Give it up for Sam Presti. Not only has he assembled a wildly talented team in Oklahoma City, but the guy has two more first round draft picks to work with this year. Plus, he recently pilfered the 18th pick and Daequan Cook from the Miami Heat. For a team already on the fast track to playoff contention, adding talent through the draft only sweetens the pot. It isn’t as though the Thunder have the 30th pick either, we are talking about the 18th overall pick. It should also be mentioned that this newly acquired pick and Cook could serve as excellent bargaining chips should Presti be looking to move up and into the lottery. Can you imagine a Thunder team with Russell Westbrook, Kevin Durant, Jeff Green, and another lottery pick? They already have James Harden and Thabo Sefolosha, and Nic Collison isn’t bad. This is a team poised for a meteoric rise, and they are doing it the right way. There are quite a few teams out there that would love to be in Presti’s position, and even more who could learn a thing or two from this guy. Cleveland Cavaliers, are you listening?
Couldn’t do this whole thing without mentioning LeBron, could I?

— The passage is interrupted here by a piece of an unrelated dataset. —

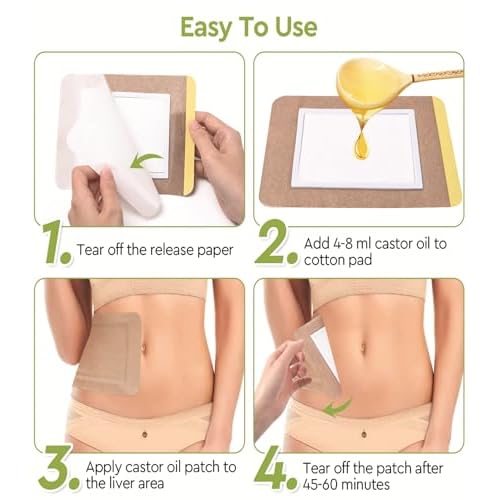 STFOCE 20pcs Castor Oil Pack Wrap, Portable Self-Adhesive, Disposable Castor Oil Pack Organic Cotton for Stomach, Liver, Belly & Entire Body, No Leaks, No Irritation, Stick Overnight (Kahaki)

One thing is for certain, I could not do this whole thing without mentioning William Wesley, a man who utterly fascinates me. According to Jalen Rose, himself a close friend and confidant of Wesley’s, LeBron James will not be returning to Cleveland next year. Rose said through Twitter that LeBron and Wesley have mulled it over and have settled on somewhere other that Cleveland. We’ll see about that one.
I hate to look like a fool with all of this talk about teams having a talented young nucleus. The reality is, even with the praise I have for some of these potential player pairings, most of these teams will be back in the lottery next year. The revolving door that is the NBA Draft Lottery is never ending, once you’re in it, it takes a very special talent to escape. Outside of John Wall, I don’t see any of the players in this draft having the kind of impact on their team to transform them from a lottery team to a playoff team. Unfortunately, Wall is that singular talent, but he is seems destined to be mired inside the beltway on a team with no apparent direction at all. What a shame.